The Sharps are hanging in there--I think. I think the the most difficult thing for me is to actually have to give my attention to another other than Sam. He too is struggling. I love Sof, that goes without saying, but my heart breaks for Sam. He claims she cries all the time. She really doesn't. He claims I hold her all the time. I don't. He is terribly sad that she gets to stay home and he has to go to school. That is a bit of a bummer. But with all that said. They love being together. They have formed a sweet bond and when they are good they are very good--but of course the flip side of that is ....when they are bad they are...horrid! Ahhh the ugly green monster has visited us quite a bit the last few days. However, I think it is driving me more crazy than either of them.
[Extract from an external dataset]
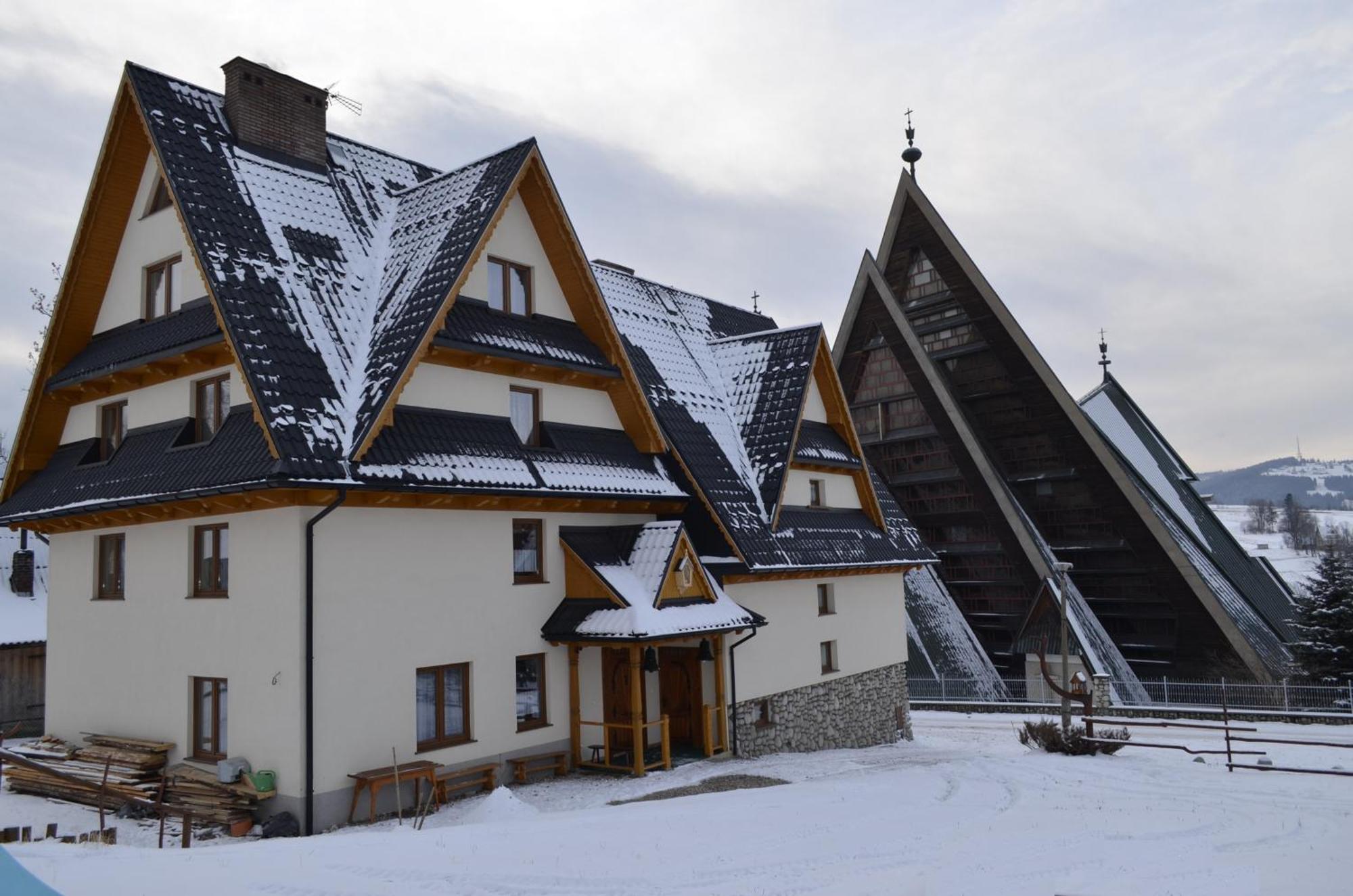 Homestay Bukowskich *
They really do claim of being happy to be brother and sister. Even tonight Sam wanted to lick one of Sofie's candys. She said no because she didn't want to spread germs. He told her that now they were brother and sister they now had the same germs. Ruse to get the candy?...possibly, but nonetheless sweet to hear. And she did, by the way, quickly agree.

Last night for FHE we talked about building a loving home together. We played an FHE game I took off the internet that had a path, you rolled die and decided whether the description on the space in which you landed helped build good, happy families. With each roll we put together a piece of a puzzle which in the end, of course, ended being a home with a "happy" family standing right outside. We then decided to build our own haunted (home) mansion. I know you all thought I was trying to poison my children with all the orange and green dye in the frosting...the thought may have crossed my mind after the first 30 disagreements but murder is foul and Dave and I couldn't possibly build a happy family without kids.....or could we??? I jest of course, we love them both more than either one of us could possibly imagine. When I look at these two loves of my life I am over come with joy and gratitude. So of course this too will pass but I think Dave and I are aiming for the eternities for the happy part--this is kind of hard. But we're good. We really are.
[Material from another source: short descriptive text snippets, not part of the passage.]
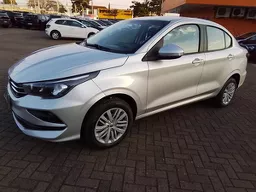Fiat Cronos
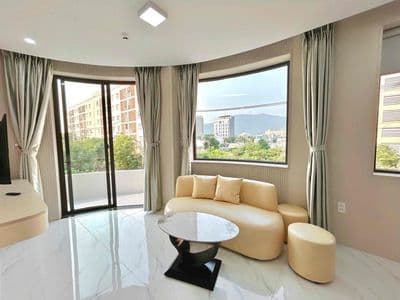 1PN – NGUYỄN THỊ BA, SƠN TRÀ – CĂN ĐẸP NHẤT TOÀ – 17TR (CÓ THƯƠNG LƯ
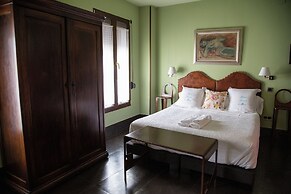 Palacio Sirvente de Mieres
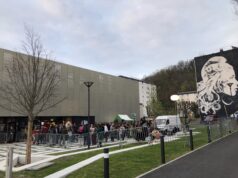 Un retour Sans (aucune) Réserve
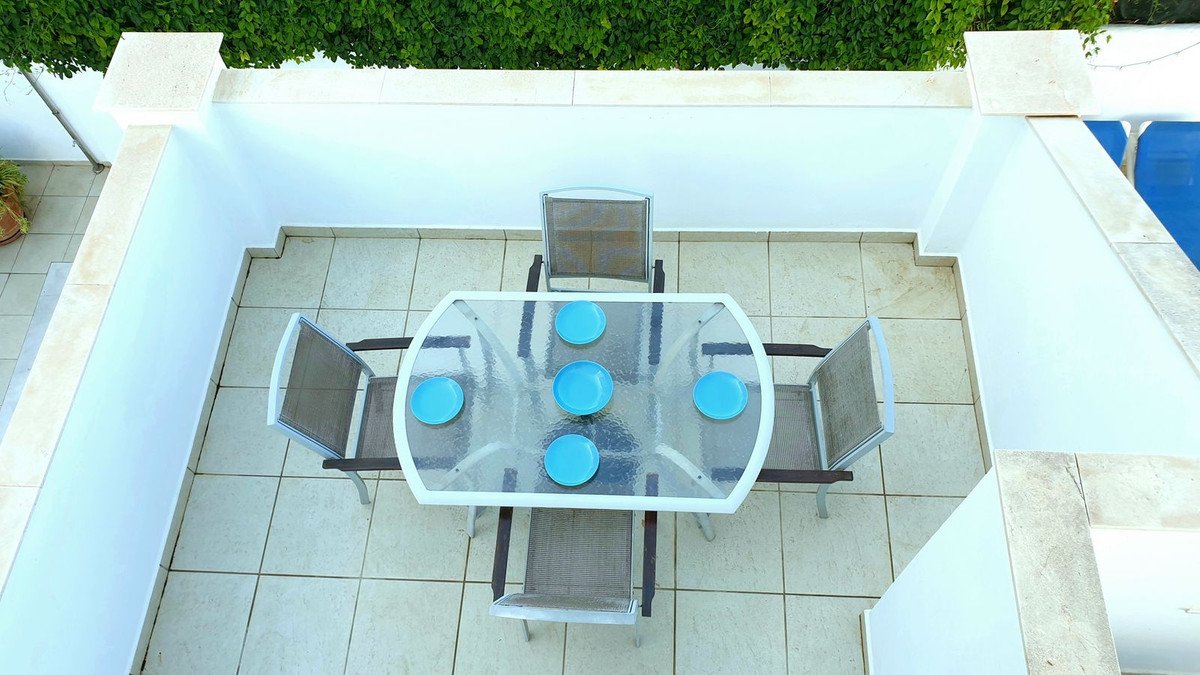 3 Bed Semi-Detached House in Nerja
Dave took some pics of the kids before bedtime last night. I thought he was a regular Ansel Adams with the lens. Of course the objects don't hurt being so dang cute!
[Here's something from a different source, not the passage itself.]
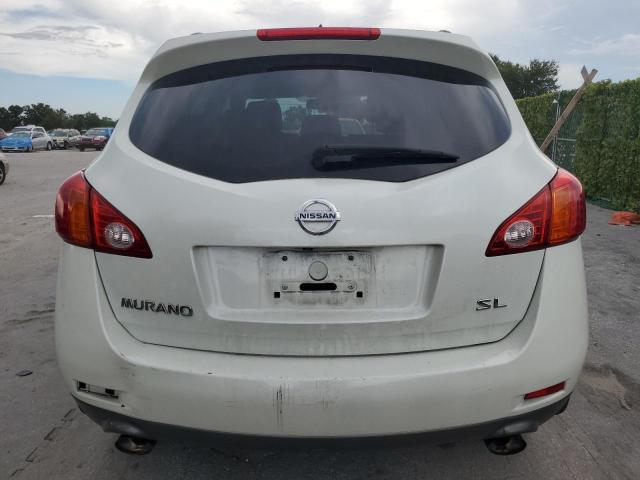 Photo 5 VIN: JN8AZ18U09W100587 - NISSAN MURANO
Wednesday, October 7, 2009

Here she comes......

Well it's been almost a week. We feel so blessed to have Sofie here with us. What a dream. She and Sam play so well together--mom is quick to remind me that this is the "honeymoon" period and to prepare myself when real life hits. It almost hit today. Sof was ready for a nap and so she wasn't ready to play--rather ride bikes with him. That really is their bond right now and I'm not going to lie a huge relief for me not to have to play (always) with him. He LOVES her. He's protective of her and he loves her toys. Her dishes to be exact. But what could be better than a working toy blender? I'm not sure what we were thinking by buying car, after car, after, car when we could have just gone down the girl isle at Target and purchased a blender! Much time and money could have been saved.
This is Sofie's first day of school outfit. SO CUTE! I wish you could see it all with her darling silver shoes. She wouldn't stand and pose I was so bummed but Carrie seems to think she was done after having to have had to pose continually for her photo shoot previously. Could be. This child is remarkably beautiful and smart. Really smart. As a whip.
I cannot get her to stand and pose. I am thinking I need to change my approach. Here she is before school. She likes school ok but she's says everyday "I'm a little shy". And she is but wow will she open up when she gets comfortable. She's a talker.....a little different from my not so shy but non communicator boy. Girls!
We've had a good week and really trying to keep things in our routine. Mom came--thank heavens, to help me with the homeless dinner. She of course saved the day and it was a success due to, I'm certain, mom's help. She certainly keeps on task and works so very hard. Needless to say the 70 year old woman kicked my tail.

We're all so happy she's here but Sam was especially happy because Grandma brought this terribly soft KU sweatshirt. It's OK if it's a little big. It will be good to grow into--he thought. Don't say it dad--I know he needs a (very little) trim!
Here's my soccer player. He's not the most skilled but he can sure beat anyone down the field. We figure we have time to work on skill. Coach Scott by the way is one of the best coaches ever--and I might add--with all my loved pledged to Dave of course--easy on the eyes.